NBN Co has been sanctioned for a “serious breach” of non-discrimination obligations after it gave Macquarie Telecom - but not other telcos - advance pricing for its business services, and made payments in exchange for customers.
The Australian Competition and Consumer Commission (ACCC) said that it had extracted a court-enforceable undertaking from NBN Co and had also issued the company a “formal warning”. [pdf]
The warning pings NBN Co for cutting a deal with Macquarie Telecom but not making the terms of that deal transparent - or available to other access seekers.
This included giving Macquarie Telecom notice of indicative pricing for NBN Enterprise Ethernet services up to five months ahead of anyone else.
“NBN Co did not give other access seekers an equivalent opportunity to consider the same information about the new eligible service being developed by NBN Co,” the ACCC said.
But it also covers a series of contracts signed at the same time that Macquarie Telecom publicly lauded a six-year deal it had struck with NBN Co to offer ‘business class NBN’ services.
The contracts obliged NBN Co to make “network preference payments” to Macquarie Telecom at regular intervals.

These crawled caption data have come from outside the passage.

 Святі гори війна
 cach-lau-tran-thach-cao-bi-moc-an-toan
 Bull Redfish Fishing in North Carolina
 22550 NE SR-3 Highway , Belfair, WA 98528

These payments “were offered in exchange for Macquarie Telecom agreeing, subject to certain specified exceptions, to use NBN Co for the supply of all off-net fixed line carriage services … and migrating its current base of off-net fixed line carriage services to NBN Co”.

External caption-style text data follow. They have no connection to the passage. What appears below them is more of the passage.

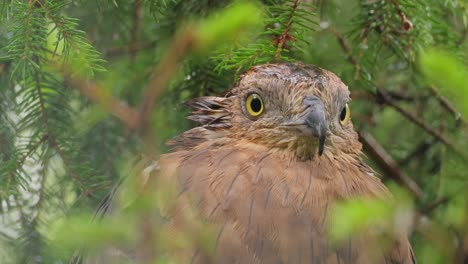 Europäischer-Wespenbussard-(Pernis-Apivorus),-Auch-Pern-Oder-Pern-Genannt,-Ist-Ein-Greifvogel-Aus-Der-Familie-Der-Accipitridae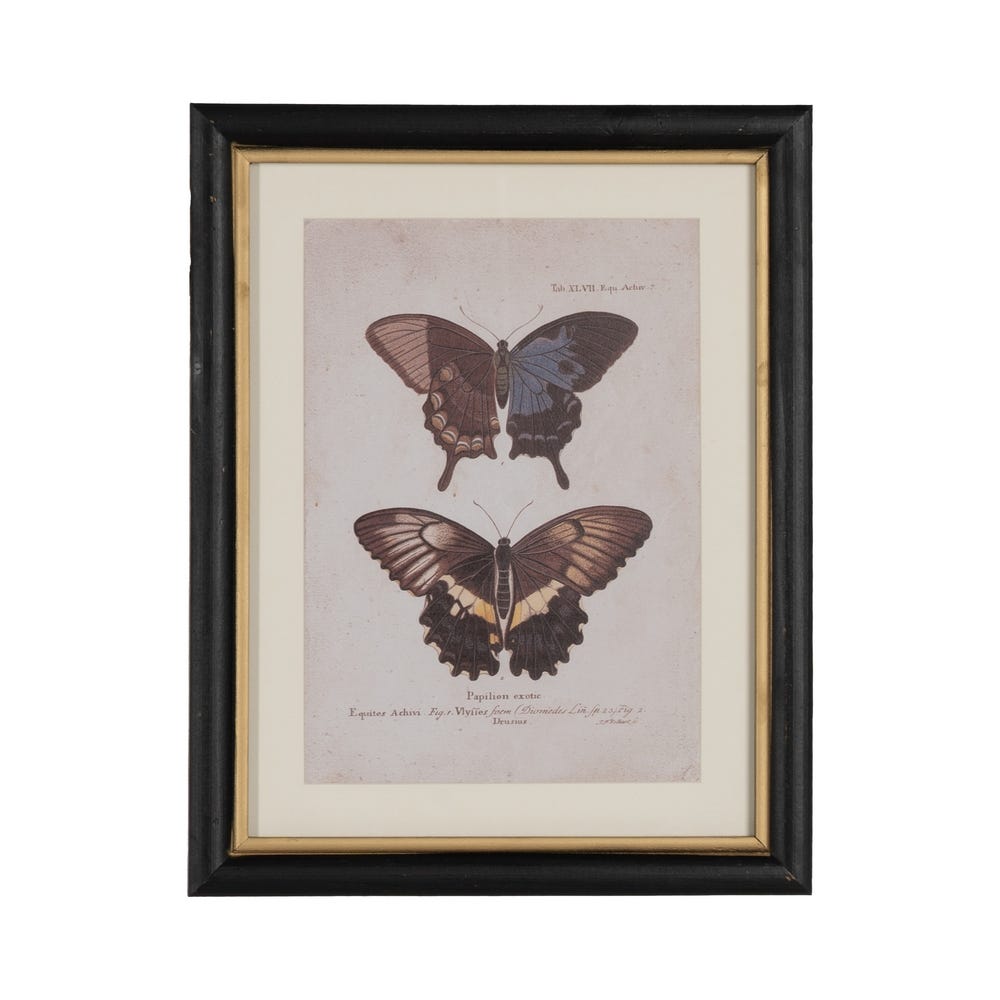 Imagem Borboletas Estampadas 4/M 31 X 1,80 X 39 Cm (4 Unidades) - Image 4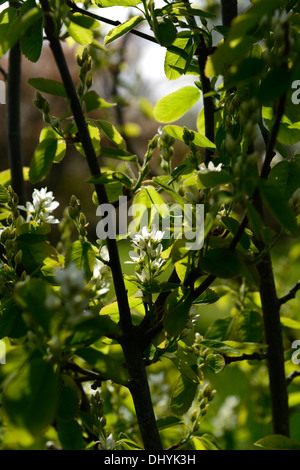 L'Amelanchier alnifolia fleurs blanches fleurs de printemps fleurs blooming blossom garden tree contraste rétro-éclairage rétroéclairé Banque D'Images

Other contract terms were also offered around the rollout of FTTP to business premises and around end user churn and renewals.
The ACCC said NBN Co did not “disclose to other access seekers details of the benefits available under equivalent terms and conditions of supply” - meaning other RSPs would not have been aware of the kinds of terms being offered.
The commission said that at least one other access seeker tried to cut a similar but separate deal with NBN Co but was “not made an offer”.
Additionally, NBN Co offered different deals to telcos regarding the cost of building out FTTP to business premises.
Some retail service providers had to pay for the build costs immediately after the work was completed.
Others, however, were offered contractual terms whereby the build costs were deferred and then either fully or partially offset by revenue received by NBN Co for services delivered over that fibre.
The effect of this was that build costs could be fully or partially waived - but again, that depended on the deal agreed with NBN Co.
Macquarie Telecom benefited from the deferred charge deal. Similar terms to the deal with Macquarie Telecom were again not offered to other access seekers.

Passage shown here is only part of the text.